Das Krypto-Phänomen ist doch eine Blase, die irgendwann platzen und wieder verschwinden wird, so der Vorwurf. Natürlich ist es eine Blase – das muss aber nicht schlecht sein. Blasen sorgen für Aufmerksamkeit, ziehen Talente und Kapital in das Ökosystem und begünstigen Innovation. Platzt die Blase, verschwinden jene Projekte ohne Berechtigung, während einige wenige Juwelen übrigbleiben und die Welt nachhaltig verändern. Die Dotcom-Blase, aus der Amazon und Google hervorgingen, hat es vorgemacht.

Tabula rasa

Es ist davon auszugehen, dass die Blockchain bestehende Geschäftsmodelle, ganze Märkte, ja sogar die Struktur des gesamten Internets umkrempeln wird. Bestehende Einnahmequellen von Privatwirtschaft und Staat sind bedroht. Staaten werden daher geschlossen gegen die gesamte Krypto-Welt vorgehen und diese zerstören, lautet eine Kritik.Wohl kaum. Zu lukrativ sind die Aussichten und Möglichkeiten von Crypto Finance.
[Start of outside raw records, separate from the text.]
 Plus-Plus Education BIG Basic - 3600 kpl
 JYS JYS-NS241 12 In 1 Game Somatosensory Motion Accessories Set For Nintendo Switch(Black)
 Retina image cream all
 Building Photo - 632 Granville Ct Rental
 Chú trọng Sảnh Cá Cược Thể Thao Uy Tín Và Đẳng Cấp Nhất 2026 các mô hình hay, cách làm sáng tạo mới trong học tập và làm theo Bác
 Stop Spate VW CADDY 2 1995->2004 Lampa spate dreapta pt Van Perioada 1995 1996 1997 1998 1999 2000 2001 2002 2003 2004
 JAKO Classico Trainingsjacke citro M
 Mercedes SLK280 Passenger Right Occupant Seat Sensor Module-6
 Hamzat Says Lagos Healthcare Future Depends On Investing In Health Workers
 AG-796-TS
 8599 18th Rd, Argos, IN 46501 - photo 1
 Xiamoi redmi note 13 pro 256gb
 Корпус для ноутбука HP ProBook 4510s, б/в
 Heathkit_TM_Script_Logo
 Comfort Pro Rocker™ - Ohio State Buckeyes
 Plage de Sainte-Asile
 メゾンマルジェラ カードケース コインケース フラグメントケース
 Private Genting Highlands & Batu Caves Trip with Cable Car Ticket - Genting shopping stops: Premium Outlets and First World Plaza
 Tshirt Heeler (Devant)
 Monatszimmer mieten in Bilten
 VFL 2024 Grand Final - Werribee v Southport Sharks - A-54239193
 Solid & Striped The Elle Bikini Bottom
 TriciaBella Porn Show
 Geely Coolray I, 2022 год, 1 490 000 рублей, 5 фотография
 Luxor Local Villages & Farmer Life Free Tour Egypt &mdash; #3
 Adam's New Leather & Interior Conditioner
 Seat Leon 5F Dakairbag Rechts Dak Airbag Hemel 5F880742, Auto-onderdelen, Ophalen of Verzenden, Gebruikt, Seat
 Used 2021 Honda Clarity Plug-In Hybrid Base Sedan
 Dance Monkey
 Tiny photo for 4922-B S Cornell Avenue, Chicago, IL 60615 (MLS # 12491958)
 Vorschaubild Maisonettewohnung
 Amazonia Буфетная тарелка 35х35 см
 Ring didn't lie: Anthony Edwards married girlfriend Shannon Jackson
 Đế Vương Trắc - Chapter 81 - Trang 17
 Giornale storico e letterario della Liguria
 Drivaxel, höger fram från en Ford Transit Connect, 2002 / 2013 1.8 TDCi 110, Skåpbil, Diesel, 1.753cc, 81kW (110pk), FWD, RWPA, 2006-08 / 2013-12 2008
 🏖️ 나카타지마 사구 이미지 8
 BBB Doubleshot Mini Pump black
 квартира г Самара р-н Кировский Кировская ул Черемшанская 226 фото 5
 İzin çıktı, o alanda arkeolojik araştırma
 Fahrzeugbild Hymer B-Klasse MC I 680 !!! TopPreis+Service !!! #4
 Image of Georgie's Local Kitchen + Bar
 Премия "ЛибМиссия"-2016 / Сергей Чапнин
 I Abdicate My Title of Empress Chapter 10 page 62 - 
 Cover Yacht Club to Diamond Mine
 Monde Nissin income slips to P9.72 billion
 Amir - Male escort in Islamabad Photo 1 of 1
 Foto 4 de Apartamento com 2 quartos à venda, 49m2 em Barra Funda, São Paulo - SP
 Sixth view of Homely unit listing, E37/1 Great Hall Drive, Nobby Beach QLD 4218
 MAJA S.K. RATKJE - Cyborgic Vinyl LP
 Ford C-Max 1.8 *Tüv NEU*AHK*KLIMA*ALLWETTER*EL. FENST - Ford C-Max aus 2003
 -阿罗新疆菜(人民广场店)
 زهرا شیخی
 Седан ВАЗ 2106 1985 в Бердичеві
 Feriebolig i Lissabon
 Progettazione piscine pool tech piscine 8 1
Die Blockchain ermöglicht neue Geschäftsfelder und Ertragsquellen. Es wird immer Staaten geben, die sich diese Vorteile sichern wollen, um sich gegen andere Nationen behaupten zu können. Gerade die Schweiz, «Crypto Nation Switzerland», könnte hier Vorreiter sein, um Talente und Firmen anzulocken.